6. The Sardinian models
These are probably the weakest biologically.
Example:
Model 14
89%
Viking
6%
Sardinian
6%
African
Clearly unrealistic.
No historian would argue that a person from northern Portugal is
90% Viking.
What is happening?
Sardinians are acting as a southern European pole,
while Vikings become a northern European pole.
Together they recreate Iberians.
This is a classic proxy effect.
Model 17
94%
Early Medieval Sardinia
3%
Hungary Carolingian
3%
African
is another example.
Again,
this is mathematically possible,
but biologically implausible.
7. The 4-way models
These are the most informative.
For example
Model 20
Portugal
50%
Saxon
6%
Viking
36%
African
6%
Standard errors are enormous.
The z-scores collapse.
Notice:
Saxon
SE = 0.56
Viking
SE = 0.60
Those are huge.
That means qpAdm cannot distinguish those ancestries.
They are statistically interchangeable.
Whenever that happens,
the model is overparameterized.
The same occurs in Models 18–23.
The coefficients become unstable.
Large SE
Huge confidence intervals
Near-zero z-scores
Strong covariance
These are all signs that the added populations are collinear.
8. Which models should you trust?
Highest confidence
Models 1–3
These are simple.
Stable.
Biologically realistic.
Excellent p-values.
Moderate confidence
Models 4–12
These tell us that
Northwest Iberian ancestry contains variation that can also be represented by northern European proxies.
Useful for exploring ancestry,
but not literal historical mixture.
Low confidence
Models 13–23
These mostly reflect mathematical decomposition of similar populations.
Not actual historical admixture.
9. Historical interpretation
Taken together, these results strongly support the following scenario:
- ~94–96% ancestry from populations genetically very similar to Roman and Late Roman inhabitants of Portugal, who themselves already carried the Bronze Age, Iron Age Celtic, Roman, and limited early Germanic ancestry characteristic of northwest Iberia.
- ~4–6% Sub-Saharan African ancestry, consistent with colonial-era admixture in Brazil.
- No convincing statistical evidence that an additional, discrete Saxon, Viking, or Carolingian source is needed once an appropriate Northwest Iberian proxy is included.
This aligns very well with your documented family origins in northern Portugal, Galicia, Asturias, and Cantabria.

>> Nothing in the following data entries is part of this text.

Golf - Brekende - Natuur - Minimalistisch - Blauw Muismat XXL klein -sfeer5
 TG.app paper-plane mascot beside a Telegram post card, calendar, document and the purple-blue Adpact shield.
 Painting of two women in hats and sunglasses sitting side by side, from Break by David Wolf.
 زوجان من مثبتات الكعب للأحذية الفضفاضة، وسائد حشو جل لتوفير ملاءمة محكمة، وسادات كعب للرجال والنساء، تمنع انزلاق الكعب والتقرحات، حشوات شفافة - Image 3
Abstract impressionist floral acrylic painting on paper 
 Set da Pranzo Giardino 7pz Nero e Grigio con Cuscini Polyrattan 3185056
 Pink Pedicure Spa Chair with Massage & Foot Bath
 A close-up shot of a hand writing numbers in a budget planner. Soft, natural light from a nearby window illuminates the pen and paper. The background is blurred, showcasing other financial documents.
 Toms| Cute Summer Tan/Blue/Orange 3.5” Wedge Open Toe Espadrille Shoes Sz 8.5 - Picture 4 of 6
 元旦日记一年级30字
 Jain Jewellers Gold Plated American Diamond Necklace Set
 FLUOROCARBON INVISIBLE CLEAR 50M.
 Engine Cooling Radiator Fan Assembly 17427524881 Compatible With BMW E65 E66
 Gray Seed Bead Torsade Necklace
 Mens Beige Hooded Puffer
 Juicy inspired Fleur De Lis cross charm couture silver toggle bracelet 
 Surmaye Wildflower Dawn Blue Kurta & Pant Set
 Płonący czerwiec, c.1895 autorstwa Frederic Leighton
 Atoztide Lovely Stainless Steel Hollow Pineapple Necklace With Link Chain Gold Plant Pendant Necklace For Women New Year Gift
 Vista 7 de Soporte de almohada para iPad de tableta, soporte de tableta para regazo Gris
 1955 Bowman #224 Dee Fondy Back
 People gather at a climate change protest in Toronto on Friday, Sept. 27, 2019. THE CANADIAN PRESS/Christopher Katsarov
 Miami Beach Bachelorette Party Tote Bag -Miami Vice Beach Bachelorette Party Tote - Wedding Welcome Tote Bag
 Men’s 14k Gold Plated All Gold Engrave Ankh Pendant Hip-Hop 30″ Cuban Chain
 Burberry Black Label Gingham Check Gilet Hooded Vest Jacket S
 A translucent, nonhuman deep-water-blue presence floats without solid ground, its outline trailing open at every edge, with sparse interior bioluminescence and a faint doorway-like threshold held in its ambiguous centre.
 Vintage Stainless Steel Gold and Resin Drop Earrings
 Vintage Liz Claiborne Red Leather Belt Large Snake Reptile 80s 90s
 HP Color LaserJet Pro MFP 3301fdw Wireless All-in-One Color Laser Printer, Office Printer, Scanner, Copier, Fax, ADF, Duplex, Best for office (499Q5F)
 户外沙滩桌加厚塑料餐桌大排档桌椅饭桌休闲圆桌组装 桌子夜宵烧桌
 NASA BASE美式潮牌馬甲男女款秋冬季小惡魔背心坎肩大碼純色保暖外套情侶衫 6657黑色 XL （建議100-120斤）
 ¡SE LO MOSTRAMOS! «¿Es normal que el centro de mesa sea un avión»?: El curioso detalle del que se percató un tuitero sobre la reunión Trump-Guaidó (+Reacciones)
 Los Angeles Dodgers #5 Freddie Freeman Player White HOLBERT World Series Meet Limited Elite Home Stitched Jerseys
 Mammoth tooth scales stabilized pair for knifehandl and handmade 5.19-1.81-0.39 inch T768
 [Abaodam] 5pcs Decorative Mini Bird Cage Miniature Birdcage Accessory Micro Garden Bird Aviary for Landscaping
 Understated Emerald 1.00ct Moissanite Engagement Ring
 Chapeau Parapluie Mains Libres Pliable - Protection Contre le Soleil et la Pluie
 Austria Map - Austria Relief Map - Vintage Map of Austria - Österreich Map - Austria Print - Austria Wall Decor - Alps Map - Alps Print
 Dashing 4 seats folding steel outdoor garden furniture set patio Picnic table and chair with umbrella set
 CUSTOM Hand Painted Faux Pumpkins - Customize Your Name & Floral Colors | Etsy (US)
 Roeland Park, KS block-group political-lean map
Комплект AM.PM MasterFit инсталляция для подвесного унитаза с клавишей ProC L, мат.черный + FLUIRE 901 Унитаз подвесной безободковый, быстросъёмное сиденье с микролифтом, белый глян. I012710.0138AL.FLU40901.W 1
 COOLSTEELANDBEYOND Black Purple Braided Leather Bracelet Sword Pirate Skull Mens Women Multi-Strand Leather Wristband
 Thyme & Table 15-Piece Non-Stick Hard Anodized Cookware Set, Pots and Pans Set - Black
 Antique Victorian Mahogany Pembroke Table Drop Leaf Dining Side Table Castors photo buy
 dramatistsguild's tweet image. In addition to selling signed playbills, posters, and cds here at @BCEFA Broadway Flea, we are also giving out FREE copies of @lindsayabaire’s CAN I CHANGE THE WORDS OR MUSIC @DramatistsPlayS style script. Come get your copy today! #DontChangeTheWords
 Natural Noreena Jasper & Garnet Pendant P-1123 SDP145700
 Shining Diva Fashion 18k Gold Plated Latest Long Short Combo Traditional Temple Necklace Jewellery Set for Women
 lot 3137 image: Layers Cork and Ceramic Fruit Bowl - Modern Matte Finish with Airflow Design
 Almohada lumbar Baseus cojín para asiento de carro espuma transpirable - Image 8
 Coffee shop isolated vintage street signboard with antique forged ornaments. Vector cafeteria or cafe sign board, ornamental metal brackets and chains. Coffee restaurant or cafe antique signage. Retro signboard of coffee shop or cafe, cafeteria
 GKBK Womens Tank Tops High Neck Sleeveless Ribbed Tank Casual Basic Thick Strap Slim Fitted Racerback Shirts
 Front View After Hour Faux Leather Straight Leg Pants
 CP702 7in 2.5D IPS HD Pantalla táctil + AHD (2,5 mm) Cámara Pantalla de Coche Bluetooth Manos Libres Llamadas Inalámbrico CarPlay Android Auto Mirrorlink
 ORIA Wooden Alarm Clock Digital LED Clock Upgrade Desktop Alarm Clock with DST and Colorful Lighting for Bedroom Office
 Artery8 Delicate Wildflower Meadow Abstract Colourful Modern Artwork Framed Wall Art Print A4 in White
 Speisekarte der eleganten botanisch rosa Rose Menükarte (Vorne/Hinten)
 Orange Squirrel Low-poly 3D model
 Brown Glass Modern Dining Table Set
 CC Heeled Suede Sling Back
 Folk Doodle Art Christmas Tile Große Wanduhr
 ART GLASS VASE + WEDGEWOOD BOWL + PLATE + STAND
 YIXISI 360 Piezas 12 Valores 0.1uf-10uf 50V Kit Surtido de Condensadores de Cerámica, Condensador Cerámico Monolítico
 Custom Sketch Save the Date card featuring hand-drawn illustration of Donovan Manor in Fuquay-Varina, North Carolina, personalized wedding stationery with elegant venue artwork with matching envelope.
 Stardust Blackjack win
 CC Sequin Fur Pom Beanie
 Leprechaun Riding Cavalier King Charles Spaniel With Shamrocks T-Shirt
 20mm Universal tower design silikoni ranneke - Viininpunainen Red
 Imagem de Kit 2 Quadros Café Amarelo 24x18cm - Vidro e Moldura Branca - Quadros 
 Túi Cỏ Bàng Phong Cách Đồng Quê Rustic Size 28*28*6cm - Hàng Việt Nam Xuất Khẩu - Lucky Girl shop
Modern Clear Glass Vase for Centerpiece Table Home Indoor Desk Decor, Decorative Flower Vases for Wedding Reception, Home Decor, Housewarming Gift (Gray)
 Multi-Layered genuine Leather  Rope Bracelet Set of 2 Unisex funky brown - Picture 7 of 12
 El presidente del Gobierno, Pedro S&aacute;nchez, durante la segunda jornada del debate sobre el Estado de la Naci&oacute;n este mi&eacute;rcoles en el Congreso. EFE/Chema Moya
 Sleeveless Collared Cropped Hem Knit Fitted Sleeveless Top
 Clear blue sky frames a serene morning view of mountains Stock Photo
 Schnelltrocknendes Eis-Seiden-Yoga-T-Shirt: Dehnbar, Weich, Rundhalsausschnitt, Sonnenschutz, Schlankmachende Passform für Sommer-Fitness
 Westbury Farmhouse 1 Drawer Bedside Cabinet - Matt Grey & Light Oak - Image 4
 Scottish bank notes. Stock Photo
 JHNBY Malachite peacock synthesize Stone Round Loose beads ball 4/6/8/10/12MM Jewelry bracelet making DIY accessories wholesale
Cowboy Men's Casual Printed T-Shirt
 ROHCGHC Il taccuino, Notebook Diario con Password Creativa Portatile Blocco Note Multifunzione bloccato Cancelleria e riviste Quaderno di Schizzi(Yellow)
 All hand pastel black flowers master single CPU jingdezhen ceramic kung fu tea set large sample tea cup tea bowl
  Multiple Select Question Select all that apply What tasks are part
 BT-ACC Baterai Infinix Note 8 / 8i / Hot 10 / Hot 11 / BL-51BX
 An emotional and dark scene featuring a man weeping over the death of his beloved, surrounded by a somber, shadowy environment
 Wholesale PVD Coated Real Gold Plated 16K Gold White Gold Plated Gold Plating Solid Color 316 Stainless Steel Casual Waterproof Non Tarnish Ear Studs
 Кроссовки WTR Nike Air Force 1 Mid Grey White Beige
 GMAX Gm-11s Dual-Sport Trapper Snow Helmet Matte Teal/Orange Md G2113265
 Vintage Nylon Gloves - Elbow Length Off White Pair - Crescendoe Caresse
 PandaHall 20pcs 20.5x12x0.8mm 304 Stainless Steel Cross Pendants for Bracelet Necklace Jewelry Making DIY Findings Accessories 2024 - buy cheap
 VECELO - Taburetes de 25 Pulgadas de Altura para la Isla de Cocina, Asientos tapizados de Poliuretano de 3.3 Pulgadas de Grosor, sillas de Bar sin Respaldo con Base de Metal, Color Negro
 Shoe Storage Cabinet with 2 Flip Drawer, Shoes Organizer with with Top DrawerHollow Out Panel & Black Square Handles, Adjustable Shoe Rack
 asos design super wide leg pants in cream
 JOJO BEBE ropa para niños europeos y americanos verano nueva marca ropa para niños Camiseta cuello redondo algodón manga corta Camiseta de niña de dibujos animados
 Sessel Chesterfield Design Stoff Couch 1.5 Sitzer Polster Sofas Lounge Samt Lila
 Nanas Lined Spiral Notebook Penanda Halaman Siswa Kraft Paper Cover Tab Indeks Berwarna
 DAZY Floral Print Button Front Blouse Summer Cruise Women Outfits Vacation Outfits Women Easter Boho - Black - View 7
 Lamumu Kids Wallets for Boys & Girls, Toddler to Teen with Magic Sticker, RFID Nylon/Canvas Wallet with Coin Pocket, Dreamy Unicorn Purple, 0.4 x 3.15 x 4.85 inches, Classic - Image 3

Those regions were genetically quite homogeneous by the Late Roman and Early Medieval periods, and the Portuguese Roman samples you're using appear to be good proxies for that broader Northwest Iberian ancestry.
Final conclusion
From a qpAdm perspective, the most parsimonious interpretation is:
- Northwest Iberian (Roman/Late Roman Portuguese proxy): ~94–96%
- Sub-Saharan African: ~4–6%
The additional Saxon, Viking, Carolingian, or Hellenistic components seen in more complex models are best interpreted as
alternative statistical representations of ancestry already present within Northwest Iberian populations, rather than evidence of separate recent ancestral contributions.
Overall, this is a very coherent and statistically consistent set of qpAdm results. The simple two-way models are both the most stable and the most biologically plausible explanation of your ancestry.